**Data extracts:**
+---+

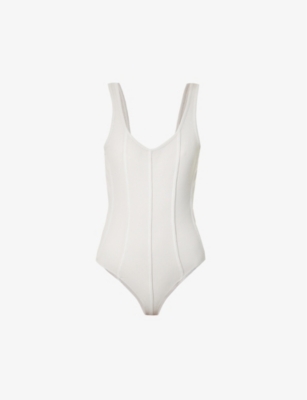 Agolde Womens Spoon Elna Fitted Organic-cotton-blend Body In Spoon
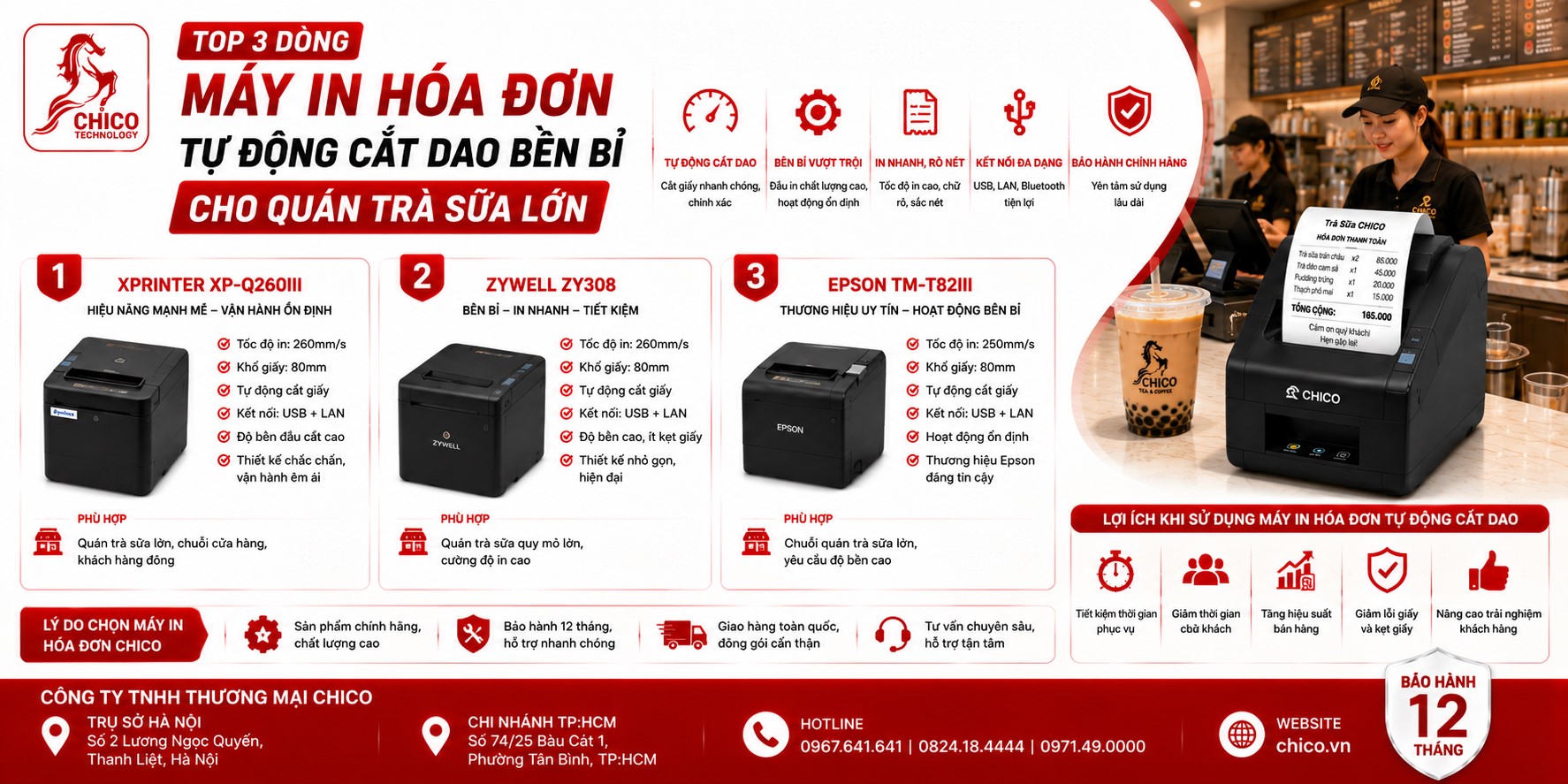Top 3 Máy In Hóa Đơn Tự Động Cắt Giấy Bền Bỉ Cho Quán Trà Sữa Lớn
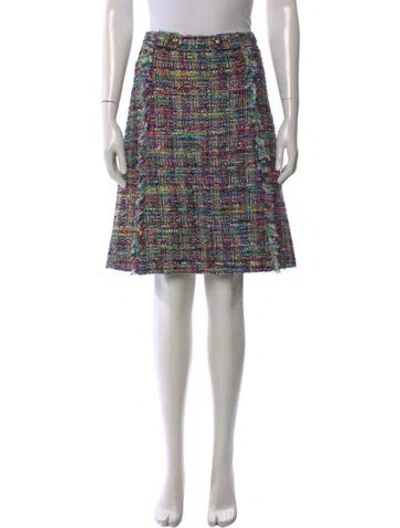 Pre-owned Etro Tweed Pattern Mini Skirt In Purple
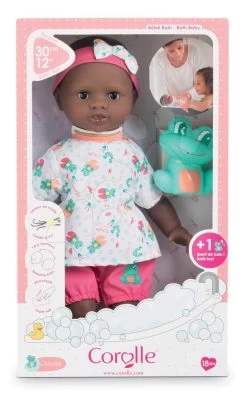 Puppe Für Bad Baby Bath Alyzée Frog Mon Premiere Corolle Mit Schwarzen Scheraugen Und Frosch 30 Cm Ab 18 Monate -Spielzeugpuppen Geschäft 100520 d corolle babika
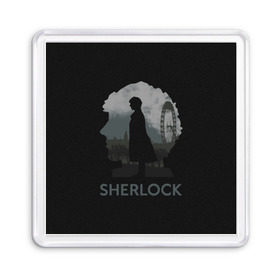 Магнит 55*55 с принтом Sherlock World в Екатеринбурге, Пластик | Размер: 65*65 мм; Размер печати: 55*55 мм | doctor | holmes | холмс | шерлок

+---+

**Task prompt:**
Copy exactly the part of the material above that opens with the line containing "Top 3 Máy In" and closes with the line containing "Puppe Für Bad", ends included. Drop the images.

**Response box:**
Top 3 Máy In Hóa Đơn Tự Động Cắt Giấy Bền Bỉ Cho Quán Trà Sữa Lớn
 Pre-owned Etro Tweed Pattern Mini Skirt In Purple
 Puppe Für Bad Baby Bath Alyzée Frog Mon Premiere Corolle Mit Schwarzen Scheraugen Und Frosch 30 Cm Ab 18 Monate -Spielzeugpuppen Geschäft 100520 d corolle babika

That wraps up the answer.